Am 2017-06-11 um 10:11 schrieb Yaniv Kaul:
On Fri, Jun 9, 2017 at 3:39 PM, Matthias Leopold
<matthias.leopold(a)meduniwien.ac.at
<mailto:matthias.leopold@meduniwien.ac.at>> wrote:
hi,
i'm having trouble creating VM snapshots that include memory in my
oVirt 4.1 test environment. when i do this the VM gets paused and
shortly (20-30s) afterwards i'm seeing messages in engine.log about
both iSCSI storage domains (master storage domain and data storage
where VM resides) experiencing high latency. this quickly worsens
from the engines view: VM is unresponsive, Host is unresponsive,
engine wants to fence the host (impossible because it's the only
host in the test cluster). in the end there is an EngineException
EngineException:
org.ovirt.engine.core.vdsbroker.vdsbroker.VDSNetworkException:
VDSGenericException: VDSNetworkException: Message timeout which can
be caused by communication issues (Failed with error
VDS_NETWORK_ERROR and code 5022)
the snapshot fails and is left in an inconsistent state. the
situation has to be resolved manually with unlock_entity.sh and
maybe lvm commands. this happened twice in exactly the same manner.
VM snapshots without memory for this VM are not a problem.

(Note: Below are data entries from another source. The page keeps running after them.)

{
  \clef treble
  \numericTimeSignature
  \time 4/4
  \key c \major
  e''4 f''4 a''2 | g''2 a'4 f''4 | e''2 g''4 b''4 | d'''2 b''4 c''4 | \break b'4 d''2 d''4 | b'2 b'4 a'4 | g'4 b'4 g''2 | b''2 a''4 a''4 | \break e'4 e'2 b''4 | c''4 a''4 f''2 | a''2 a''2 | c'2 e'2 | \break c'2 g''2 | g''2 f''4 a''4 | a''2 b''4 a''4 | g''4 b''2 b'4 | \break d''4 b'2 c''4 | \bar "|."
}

VM guest OS is CentOS7 installed from one of the
ovirt-image-repository images. it has the oVirt guest agent running.
what could be wrong?
this is a test environment where lots of parameters aren't optimal
but i never had problems like this before, nothing concerning
network latency. iSCSI is on a FreeNAS box. CPU, RAM, ethernet
(10GBit for storage) on all hosts involved (engine hosted
externally, oVirt Node, storage) should be OK by far.

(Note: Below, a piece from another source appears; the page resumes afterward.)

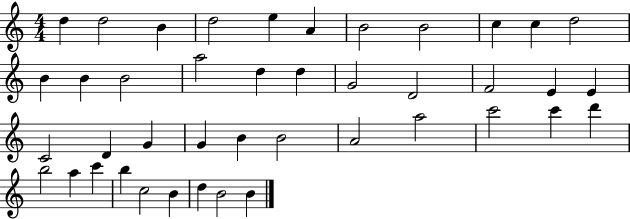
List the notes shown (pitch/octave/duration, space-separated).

D5/q D5/h B4/q D5/h E5/q A4/q B4/h B4/h C5/q C5/q D5/h B4/q B4/q B4/h A5/h D5/q D5/q G4/h D4/h F4/h E4/q E4/q C4/h D4/q G4/q G4/q B4/q B4/h A4/h A5/h C6/h C6/q D6/q B5/h A5/q C6/q B5/q C5/h B4/q D5/q B4/h B4/q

Are you sure iSCSI traffic is going over the 10gb interfaces?
If it doesn't, it might choke the mgmt interface.
Regardless, how is the performance of the storage? I don't expect it to
require too much, but saving the memory might require some storage
performance. Perhaps there's a bottleneck there?
Y.
i shot myself in the foot by also playing around with network QoS and
forgetting about it.... no wonder the network chokes when i tell it to
do so. without randomly applied QoS profiles snapshots work perfectly ;-)
thx
matthias